Kennedy admitted she had doubts when she arrived in March from Yokoska, Japan, that the concrete shell that houses Casey Elementary would be ready for the new school year. But the construction continued full speed ahead, wrapping up in record time.
“It smells new, the kids are excited, and it’s just a beautiful facility,” she bubbled.
“The best I can describe this is a ‘Field of Dreams.’ Build it and they will come,” Kennedy said during her ribbon-cutting ceremony remarks. “We are making history today.”
“This is a great day for our Army and a great day for our Warrior community,” said Army Col. Hank Dodge, commander of U.S. Army Garrison Red Cloud. “It provides stability for our soldiers. It provides stability for our families and it is the right thing to do.”

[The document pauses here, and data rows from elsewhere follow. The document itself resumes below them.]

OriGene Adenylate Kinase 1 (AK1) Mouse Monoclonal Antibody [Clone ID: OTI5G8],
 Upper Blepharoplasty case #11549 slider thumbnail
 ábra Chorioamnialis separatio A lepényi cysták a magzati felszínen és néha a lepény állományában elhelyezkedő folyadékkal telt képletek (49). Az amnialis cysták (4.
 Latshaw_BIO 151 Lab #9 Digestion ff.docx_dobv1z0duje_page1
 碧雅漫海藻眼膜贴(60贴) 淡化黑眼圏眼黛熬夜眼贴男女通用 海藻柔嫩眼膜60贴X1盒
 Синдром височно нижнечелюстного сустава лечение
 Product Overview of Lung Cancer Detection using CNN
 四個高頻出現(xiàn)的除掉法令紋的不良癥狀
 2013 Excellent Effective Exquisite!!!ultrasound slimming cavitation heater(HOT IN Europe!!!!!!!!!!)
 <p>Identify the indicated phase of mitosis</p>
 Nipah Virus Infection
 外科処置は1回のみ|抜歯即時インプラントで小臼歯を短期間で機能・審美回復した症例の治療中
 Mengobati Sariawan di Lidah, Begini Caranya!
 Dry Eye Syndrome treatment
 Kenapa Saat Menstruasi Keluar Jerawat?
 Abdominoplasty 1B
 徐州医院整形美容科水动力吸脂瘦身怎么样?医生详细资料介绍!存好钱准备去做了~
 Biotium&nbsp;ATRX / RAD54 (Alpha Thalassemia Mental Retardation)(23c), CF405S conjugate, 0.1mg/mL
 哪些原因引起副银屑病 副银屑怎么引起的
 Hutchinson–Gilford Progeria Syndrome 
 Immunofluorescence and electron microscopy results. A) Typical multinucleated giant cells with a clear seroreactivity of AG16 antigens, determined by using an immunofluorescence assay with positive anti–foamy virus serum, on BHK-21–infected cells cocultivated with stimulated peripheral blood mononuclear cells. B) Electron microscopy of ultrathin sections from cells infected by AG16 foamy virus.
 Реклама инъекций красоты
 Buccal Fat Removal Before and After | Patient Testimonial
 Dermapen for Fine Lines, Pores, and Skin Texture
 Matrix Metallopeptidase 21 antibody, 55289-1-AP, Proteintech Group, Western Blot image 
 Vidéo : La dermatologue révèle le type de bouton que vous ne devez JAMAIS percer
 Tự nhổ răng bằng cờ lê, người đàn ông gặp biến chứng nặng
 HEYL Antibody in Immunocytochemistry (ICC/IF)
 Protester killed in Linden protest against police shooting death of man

Tucker called the opening of Casey Elementary School tangible proof of the Army’s commitment to improving quality of life for its soldiers and their families.
“The fact that we have a school here speaks volumes that the Army is willing to invest in its families,” she said.
But Sharp said it also improves U.S. capability by reducing the turmoil of permanent change of station moves, and underscores the enduring U.S. commitment to South Korea.
“To allow servicemembers to be here two and three years rather than just one year at a time has hugely increased capability,” he told families at a luncheon before the ribbon-cutting ceremony. “It strengthens the alliance and sends a huge deterrent message to North Korea.”